Inoltre, non era destinato esclusivamente ad attività religiosa, in quanto veniva utilizzato per altri scopi dell'associazione. Per i giudici, invece, l'associazione «ha diritto di utilizzare la proprietà privata come luogo destinato al culto», poiché esercitare in privato il culto è «un diritto costituzionalmente garantito a tutti». Viene richiamata nella sentenza una pronuncia del Tribunale di Lecco che aveva riconosciuto l'edificio come luogo di culto.
Le «risultanze di natura documentale e orale emerse nel corso dell'istruttoria dibattimentale» avevano convinto il giudice che l'immobile fosse di fatto utilizzato «come luogo di culto dalla comunità di religione musulmana».
In effetti, l'articolo 7, comma 1 lettera d) del decreto legislativo 504/1992 riconosce l'esenzione ai fabbricati, e loro pertinenze, destinati esclusivamente all'esercizio del culto, purché compatibile con i principi contenuti negli articoli 8 e 19 della Costituzione.

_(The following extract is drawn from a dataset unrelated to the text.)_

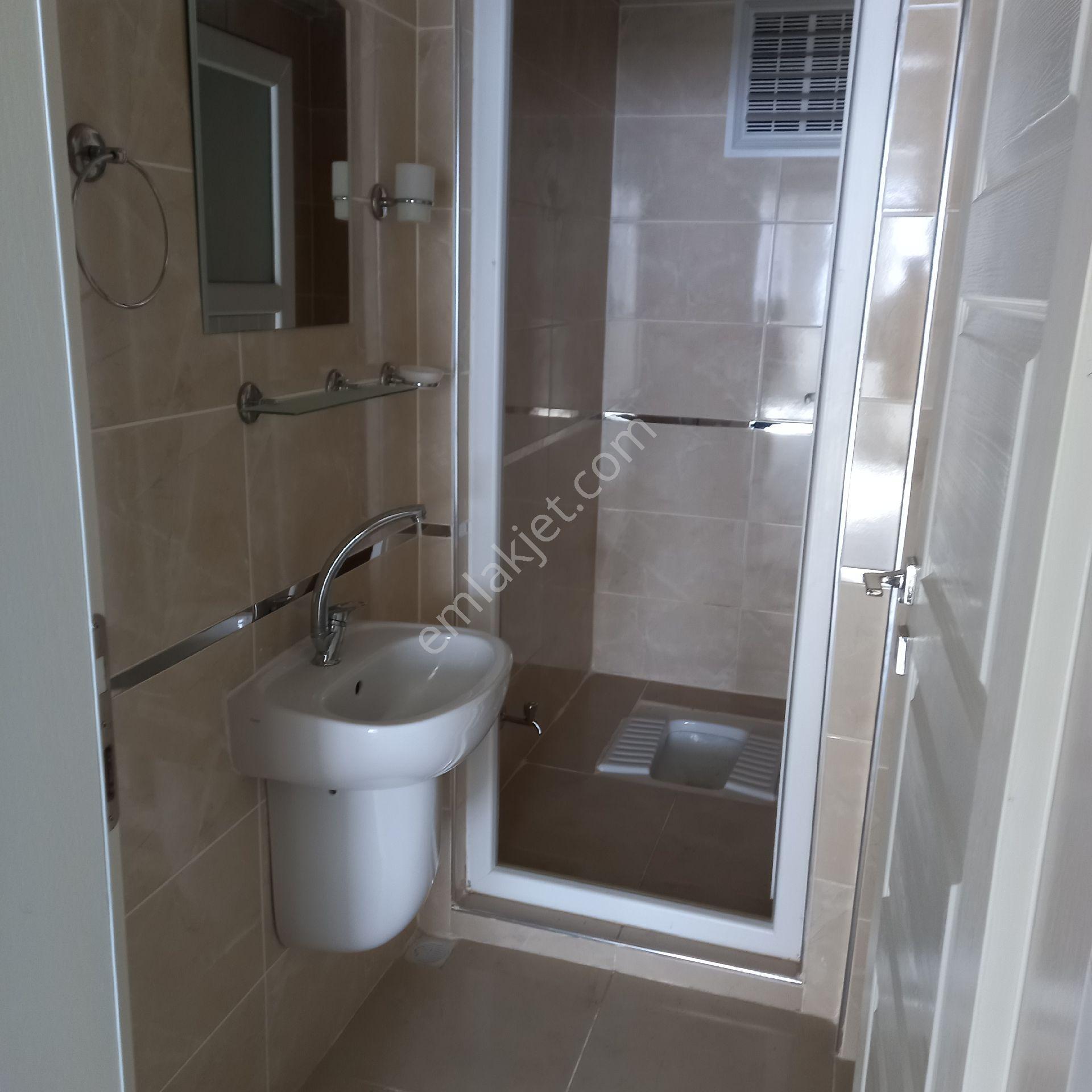 Ordu Gölköy Göl Konakları - Görsel 13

Tuttavia, ai fini del riconoscimento dei benefici fiscali per gli enti religiosi non è sempre facile individuare una netta distinzione tra sacro e profano. La destinazione di un immobile all'attività di culto o ad altre attività non commerciali (assistenza, beneficenza e così via) ritenute esenti deve essere esclusiva. Non basta che sia parziale, anche se prevalente.
La Cassazione (sentenza 6316/2005), a proposito di un fabbricato utilizzato dal vescovo, ha affermato che è esente dall'Ici, anche se non si tratta di immobile con finalità dirette di culto, a condizione che venga destinato allo svolgimento delle funzioni pastorali. In questo caso, per i giudici, si trattava di un immobile utilizzato da un ente non commerciale, destinato esclusivamente ad attività non produttive di reddito.
Secondo la Cassazione (sentenza 26657/2009), il primo scopo di un ordine religioso è la formazione di comunità in cui si esercita la vita associativa quale presupposto per la catechesi, l'elevazione spirituale dei componenti e la preghiera in comune.
Peraltro, contrariamente a quanto sostenuto dal comune, la classificazione catastale di un fabbricato non può condizionare il riconoscimento di un'agevolazione fiscale.
L'esenzione Ici spetta agli enti non commerciali anche se l'inquadramento catastale dell'immobile non è coerente con la loro attività istituzionale. Per la Cassazione (sentenza 19732/2010), infatti, la situazione di fatto prevale rispetto all'accatastamento del bene, considerato che per la normativa Ici quello che conta è la destinazione concreta dell'immobile, a prescindere da qualunque dato formale (fanno eccezione i fabbricati rurali, sentenza sezioni Unite, 18565/2009).